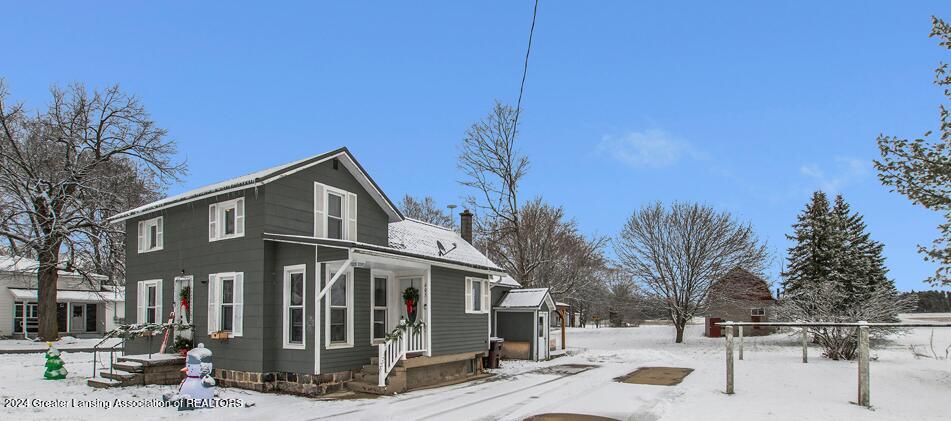 605 South Maple Avenue Maple Rapids, MI 48853 - Photo 1 of 23 Front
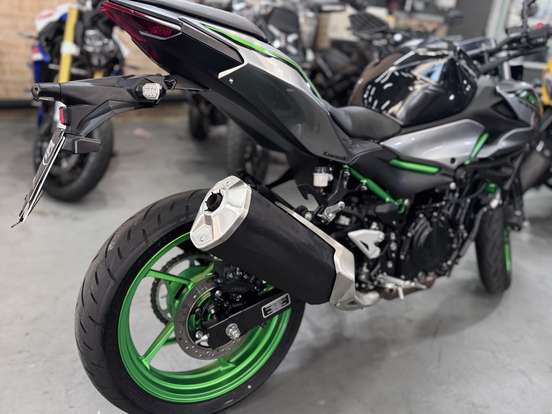 KAWASAKI-Z500 SE-2025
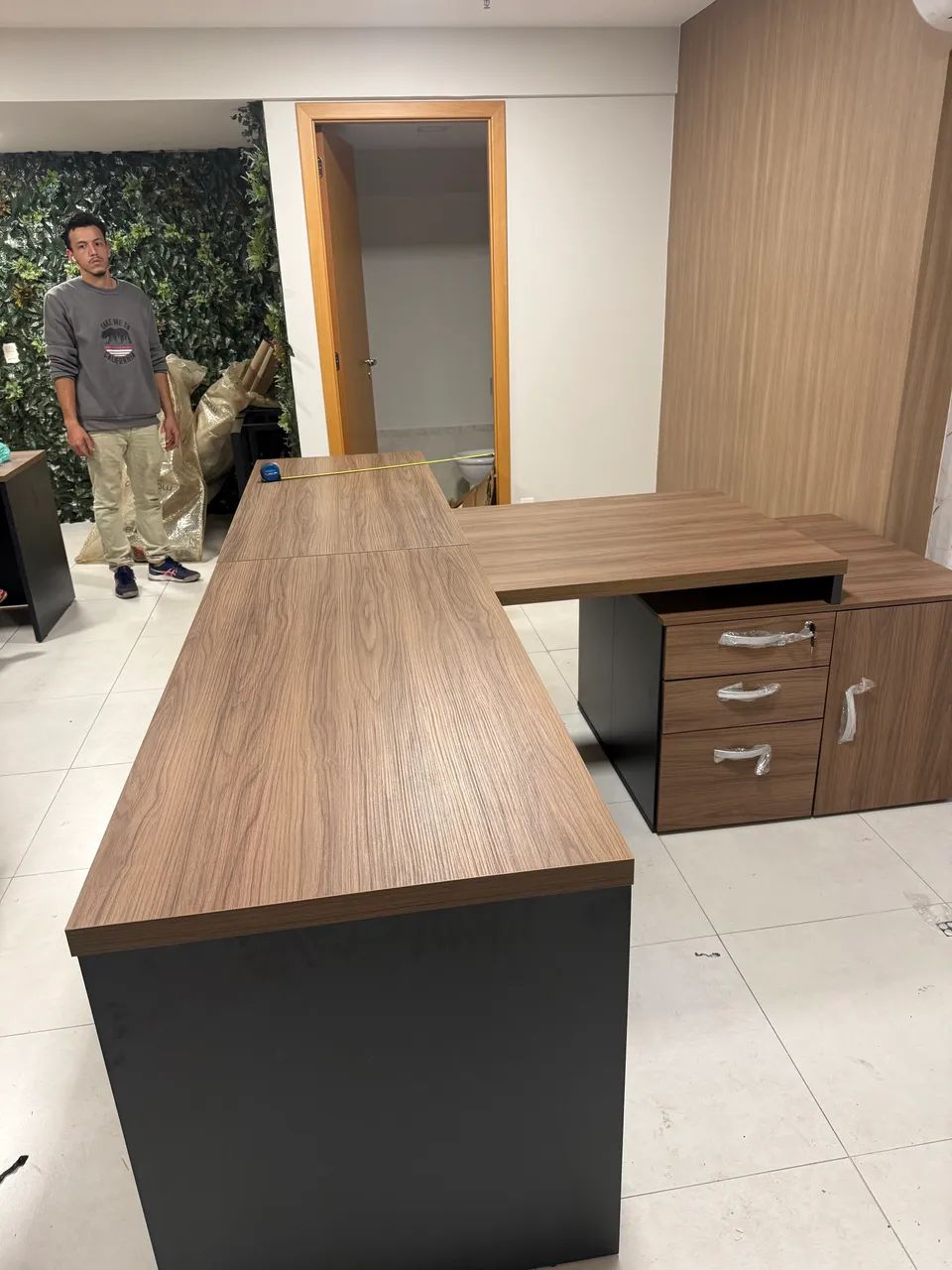 Mesa em L com 1 armário e 3 gavetas novo  - Foto 4
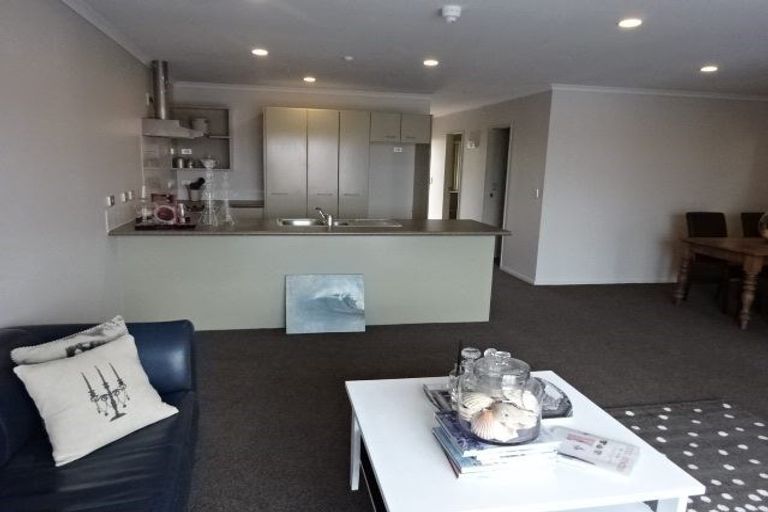 Photo of property in 340 Gulf Harbour Drive, Gulf Harbour, Whangaparaoa, 0930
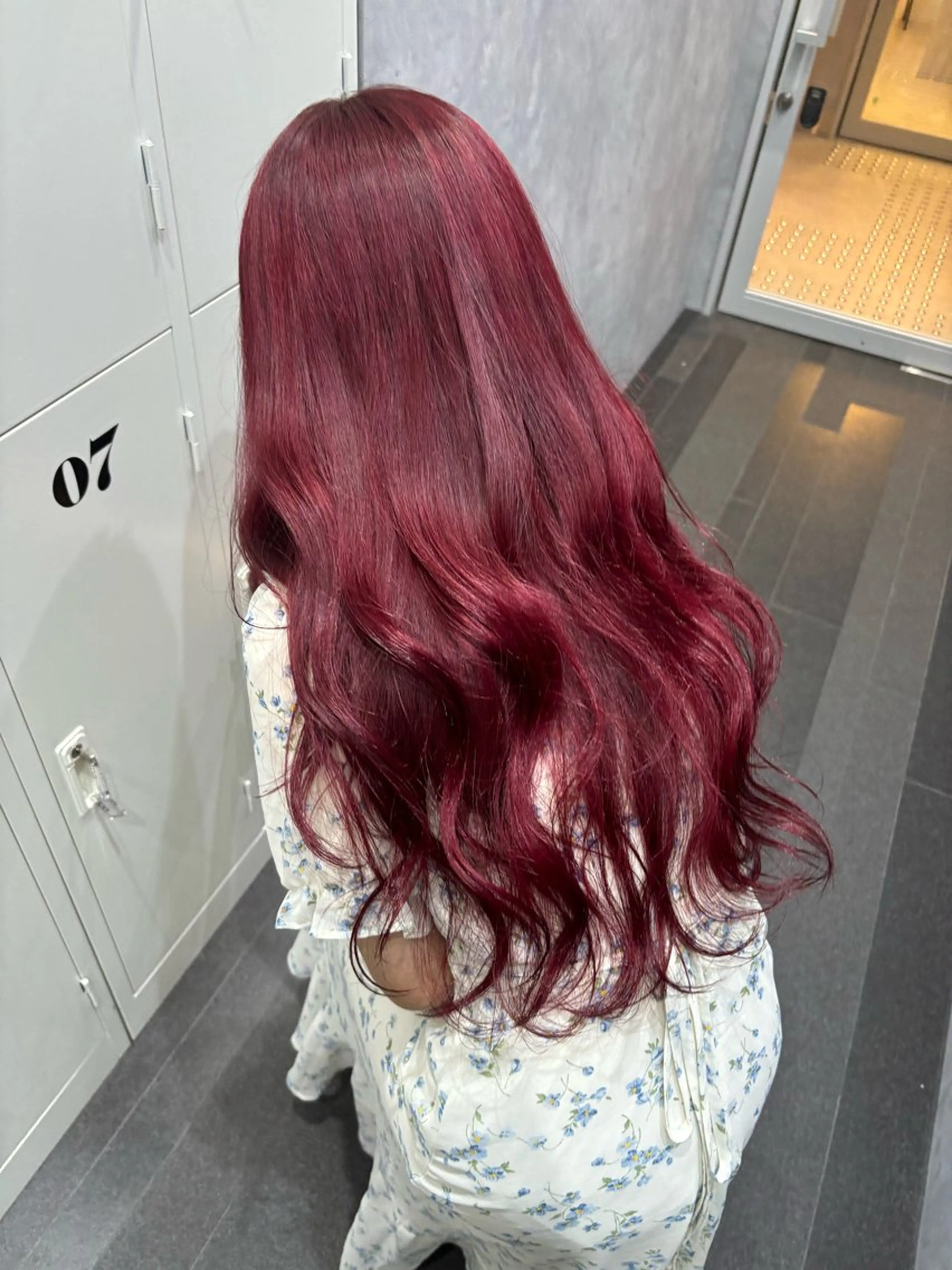 ロング カラー CS made by SHACHU 栄所属・山田 瑛司のヘアスタイル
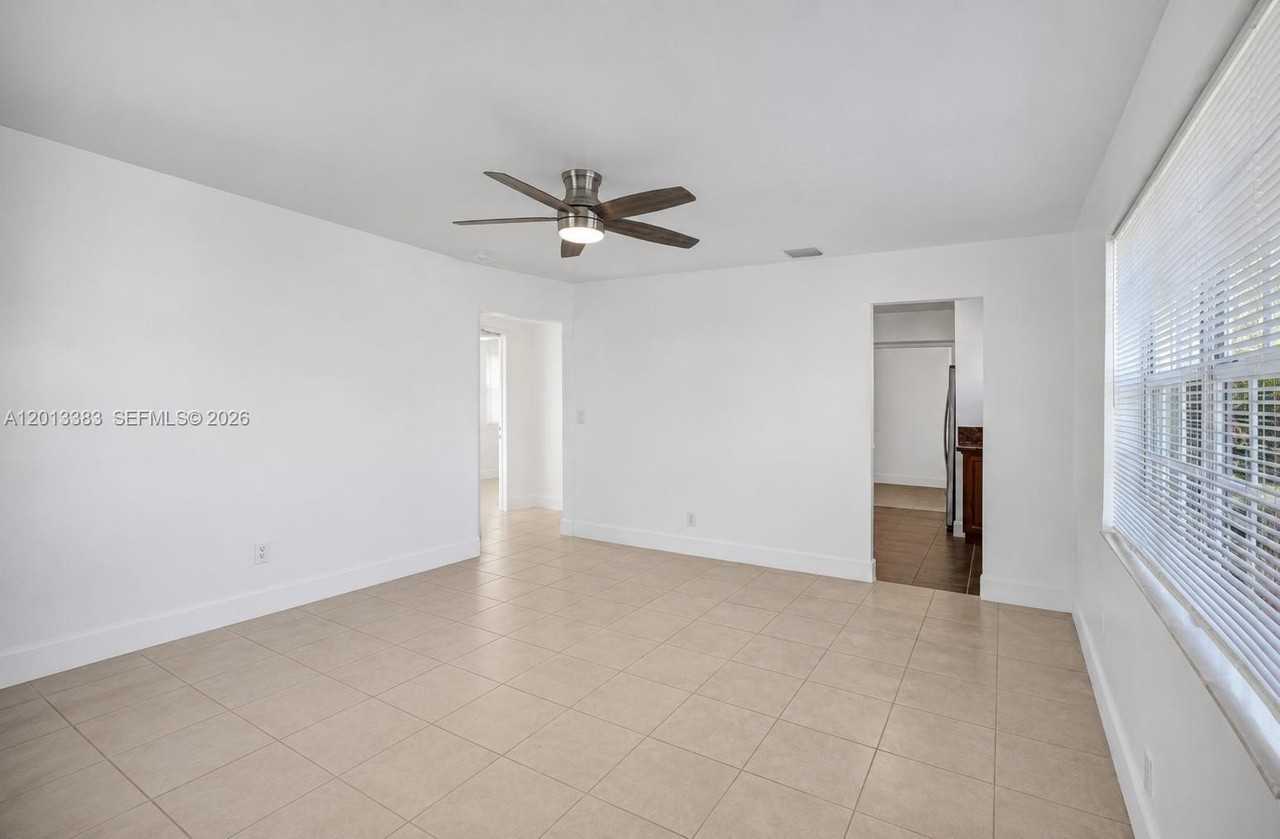 6110 Sw 38th St - Photo 6 of 15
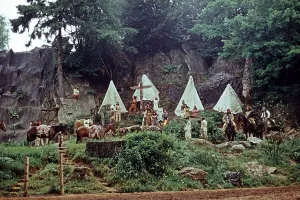 Tents and actors in The Treasure in Silver Lake
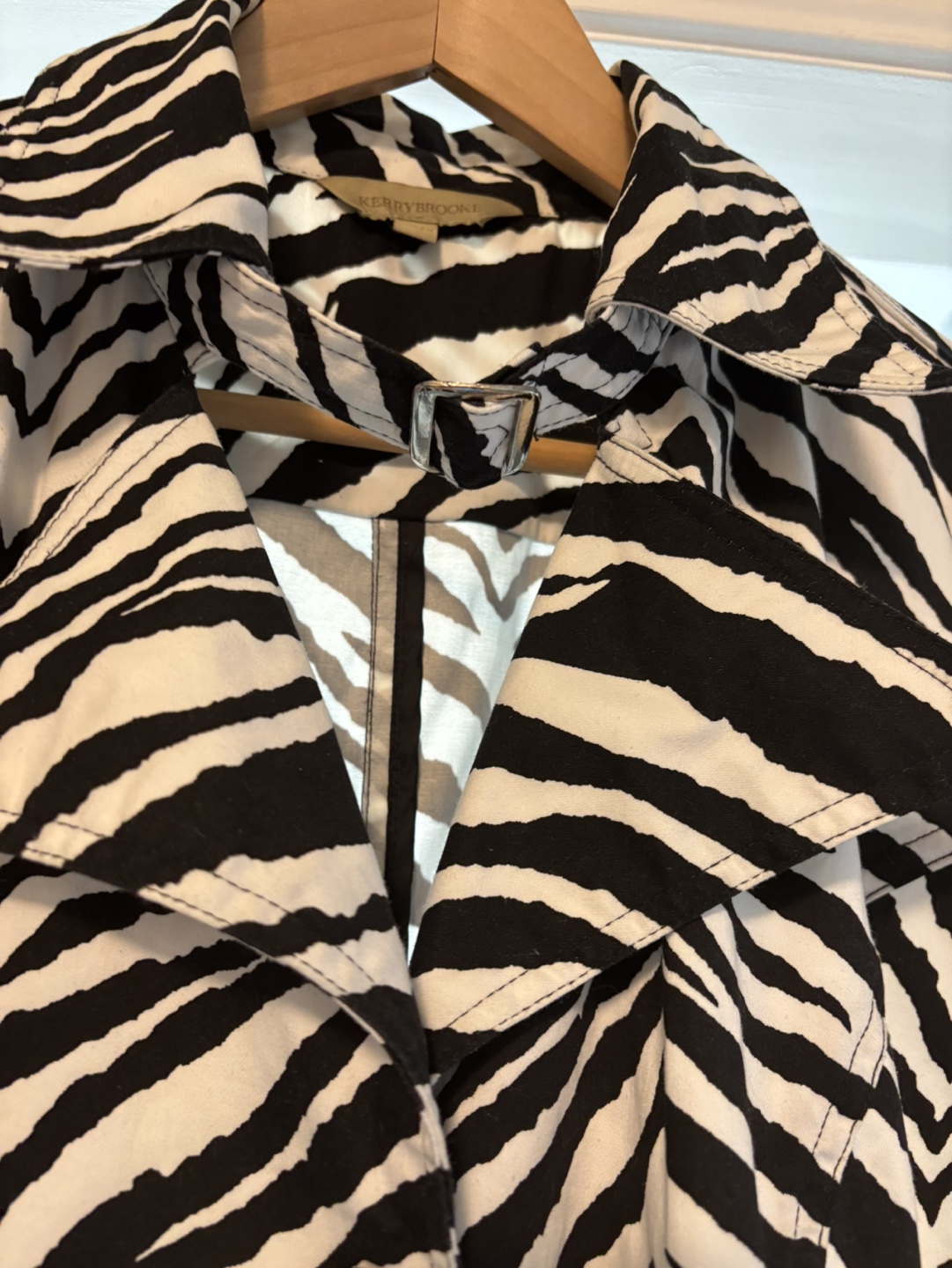Kerrybrooke Zebra Print Jacket - photo 3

===============

▶ _YOUR TASK_:
Only the lines from the one containing "Tents and actors" through the final line of the material should appear in the answer, copied exactly and without any picture.

▶ _SOLUTION_:
 Tents and actors in The Treasure in Silver Lake
Kerrybrooke Zebra Print Jacket - photo 3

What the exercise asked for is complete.